Posts Uncategorized

Consumer Group urges DTI to recall Moto Propio Safeguards Duty Petition on Imported Cement

Laban Konsyumer Inc., (LKI) a consumer protection group, had entered its intervention in the moto propio petition filed by the DTI Secretary who initiated a safeguard duty investigation on imported cement sans any application from the local cement industry. LKI is considering elevating the DTI action to the President and the Philippine Competition Commission. The 2 pages LKI intervention was received by the Bureau of Import Services on September 27, 2018, a Bureau reporting directly to the DTI Secretary and acknowledged received by the BIS Director on October 2, 2018.

Dimagiba said that the cement importers cannot commit to the demand of the government B3 projects as well as private developers for long term supply contracts due to the pending petition for the imposition of safeguard duty. The imposition of the safeguard duty is detrimental to the consumers and can create shortages in the supply of cement that can derail private and infrastructure projects and can increase retail prices. Dimagiba added that the DTI should ensure the completion of the expansion of local plant capacities before starting a safeguard duty investigation on imported cement.
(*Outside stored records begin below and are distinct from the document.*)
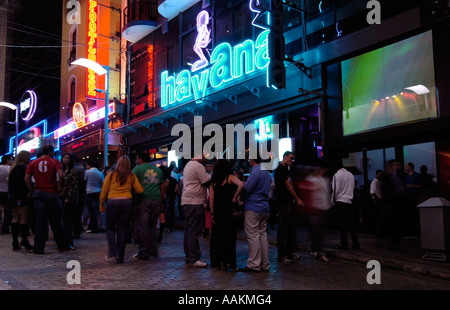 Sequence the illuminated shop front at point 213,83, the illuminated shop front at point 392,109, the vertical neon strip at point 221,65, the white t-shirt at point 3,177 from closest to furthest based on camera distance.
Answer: the illuminated shop front at point 392,109 → the white t-shirt at point 3,177 → the illuminated shop front at point 213,83 → the vertical neon strip at point 221,65

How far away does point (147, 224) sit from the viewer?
748 cm

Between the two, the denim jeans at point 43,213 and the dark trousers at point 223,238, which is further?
the denim jeans at point 43,213

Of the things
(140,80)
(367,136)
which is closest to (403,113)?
(367,136)

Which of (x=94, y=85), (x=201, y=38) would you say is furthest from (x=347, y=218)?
(x=94, y=85)

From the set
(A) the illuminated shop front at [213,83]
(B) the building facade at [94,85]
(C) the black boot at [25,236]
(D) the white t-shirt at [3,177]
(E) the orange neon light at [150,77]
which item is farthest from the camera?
(B) the building facade at [94,85]

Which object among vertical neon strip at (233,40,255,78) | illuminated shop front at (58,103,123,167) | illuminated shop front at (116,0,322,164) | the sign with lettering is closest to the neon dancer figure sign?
illuminated shop front at (116,0,322,164)

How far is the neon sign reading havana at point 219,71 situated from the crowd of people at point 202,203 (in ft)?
18.5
Dimagiba himself has a more than 2 year old complaint pending with the Philippine Competition Commission against the members of the Cement Manufacturers Association of the Philippines or Cemap, which earlier determined preliminary findings to proceed to a full investigation. R.A. 10667, or the Philippine Competition Act, was passed in 2015 and the Philippine Competition Commission is tasked to punish anti-competitive conduct against those who practice cartel. In the meantime, Dimagiba says that the Philippine government should freely allow cement imports to protect the greater interest of Filipino consumers.

At the aftermath of the Asian financial crises in 1997, the country’s cement industry fell into the hands of multinationals Cemex, LaFarge-Holcim and CRH. Multinationals control 70% more or less the country’s production capacity.

These companies have been fined or investigated continuously for their involvement in cement cartels worldwide according to Atty. Victorio Mario A. Dimagiba, President of LKI.

In November 2008 and December 2010, the European Commission launched raids and antitrust proceedings against Cemex, Holcim and Heidelberg, among others, for colluding to fix prices in 9 EU countries. In 2012, Mexico’s Antitrust Commission fined CEMEX P10.2 Million for monopolistic practices by blocking importation of cement. From 2007 to 2011, the UK Government reported that the competition between Lafarge, CEMEX and Hanson had caused its consumers £180 Million. In May 2014, Holcim was fined by Brazil’s Antitrust Authority in the sum of $508 Million. Earlier in 2007, Lafarge paid $43 Million in fine after agreeing to cease anti-competitive practices in Brazil. In 2011, the Polish Competition Court slapped CRH with a €21 Million fine for price fixing.

On July 24, 2017, an antitrust lawsuit was filed before the US Federal States’ Atlanta Federal Court against cement cartel group comprising of Argos, Holcim, and Cemex after they agreed to fix prices and conspired to monopolize the market. On August 26, 2017, the Chinese government slapped CRH with an €8 Million fine for cement price fixing.

Recently or on April 6, 2018, the Superintendent of Industry and Commerce of Colombia imposed a fine of P200 Million to Argos, Holcim, and Cemex for cartelizing cement prices in the modality of conscious parallelism.

Just last month or in November 2018, Romania Competition Council conducted raids at the headquarters of Holcim, CRH, and Heidelberg Cement to look for evidence of collusion as part of an investigation into anti-competitive agreement for possible coordination of prices among the three companies since 2010.

“The DTI must implement strict quality standards on local cement to ensure compliance to product standards, and to guard against the use of waste materials, fly ash from coal plants as well as lahar sand. On the other hand, imported cement are subjected to double testing certification, first, at point of origin and second, at the discharge ports. This redounds to the benefit of the consumers in terms of stable, quality and competitive prices as well as a choice of what cement to buy and use ” Dimagiba says.